The Wanderer New Releases

It would've been easy for Andrew Marks to sit back and enjoy the fruits of his parents labour. After all, they had established Gembrook Hill as one of the best artisanal producers in the Yarra Valley, widely admired for their thoughtfully made stable of wines, so why not just get absorbed into the mix and live a comfortable life? Well, once you meet him you know he's not really that kind of guy. Intellectually restless, garrulous and eager to push his own boundaries, he created The Wanderer label.

The name reflects this hankering to fill in the gaps in his wine making knowledge and create his own journey toward his own style. That journey took him around the world making wine and oh yeah, along the way he founded the Melbourne Gin Company (long before the making a Gin became the fashion he was using native botanicals to create a unique spirit). These days the label is Yarra Valley based - a small set of wines from specific parcels of fruit from the Upper Yarra - Chardonnay, Pinot Noir and Syrah. Marks has been working with two growers over the past 12 years aiming to, in his words, maximise the most intensity, flavour and balance in the vineyard and fruit.

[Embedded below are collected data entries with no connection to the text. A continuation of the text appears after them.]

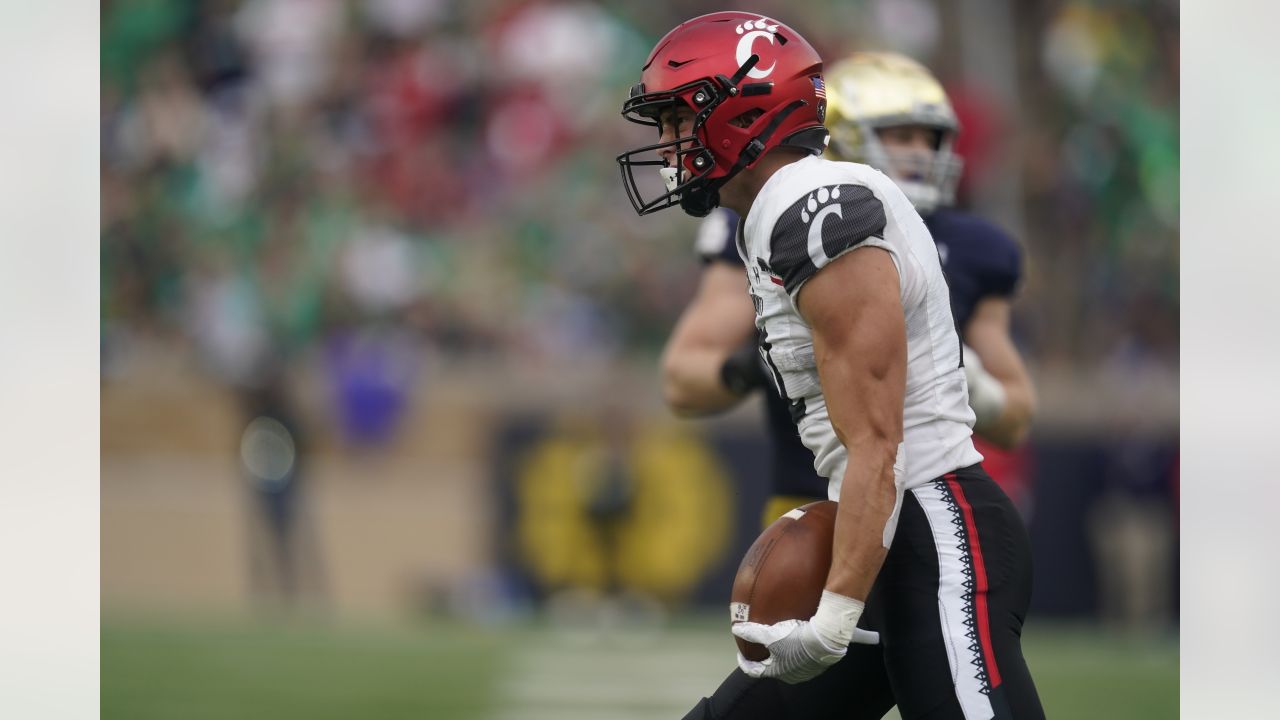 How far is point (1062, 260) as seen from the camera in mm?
12305

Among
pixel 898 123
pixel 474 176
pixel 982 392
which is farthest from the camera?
pixel 474 176

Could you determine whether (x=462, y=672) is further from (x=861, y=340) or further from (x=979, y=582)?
(x=861, y=340)

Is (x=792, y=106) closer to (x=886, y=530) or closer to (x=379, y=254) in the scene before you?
(x=886, y=530)

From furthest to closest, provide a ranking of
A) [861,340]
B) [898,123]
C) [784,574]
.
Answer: [898,123] → [784,574] → [861,340]

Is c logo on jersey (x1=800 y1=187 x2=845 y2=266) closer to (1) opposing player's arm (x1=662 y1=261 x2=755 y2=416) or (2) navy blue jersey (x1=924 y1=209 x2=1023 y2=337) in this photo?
(2) navy blue jersey (x1=924 y1=209 x2=1023 y2=337)

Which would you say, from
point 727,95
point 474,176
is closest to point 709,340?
point 727,95

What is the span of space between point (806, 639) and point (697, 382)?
1502mm

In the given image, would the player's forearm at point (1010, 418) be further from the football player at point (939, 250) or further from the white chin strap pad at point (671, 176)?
the white chin strap pad at point (671, 176)

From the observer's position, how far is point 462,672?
24.6 feet

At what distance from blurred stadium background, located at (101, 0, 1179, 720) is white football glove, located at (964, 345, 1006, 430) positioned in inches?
179

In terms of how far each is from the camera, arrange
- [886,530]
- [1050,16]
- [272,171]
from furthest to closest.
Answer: [1050,16]
[272,171]
[886,530]

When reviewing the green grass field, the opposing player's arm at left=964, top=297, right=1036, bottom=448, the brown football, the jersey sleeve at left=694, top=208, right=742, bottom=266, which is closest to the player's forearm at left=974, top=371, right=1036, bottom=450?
the opposing player's arm at left=964, top=297, right=1036, bottom=448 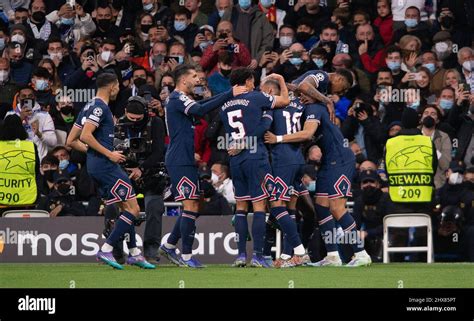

I tasted through the range of new releases recently and it is a beautifully crafted and terroir expressive set of wines. The thing that strikes me is his ability to give you wines which have intensity of both aroma and flavour but without heft.

The Upper Yarra Chardonnay I loved - it gently holds your attention with a lovely mix of waxy florals, peach and a dusting of wood spice. Persistently, enticing. You could say that stylistically it falls somewhere between the early picked regime and the more worked examples but to be honest the style is refreshingly informed by the site.

The other Upper Yarra (the wines in the range bearing the Upper Yarra nomenclature comes off a specific ...site), Pinot is again a beautifully poised wine. Not huge and imposing but more a siren-song style where spice tinged aromatics informed by some subtle stem work, draw you in and get you hooked. The palate has more volume than you'd expect with red fruits and spice combine with a little nuanced earthen tones. There's no shortage of lingering drive in this wine either. This one has been a staple on our shelves for a few years now.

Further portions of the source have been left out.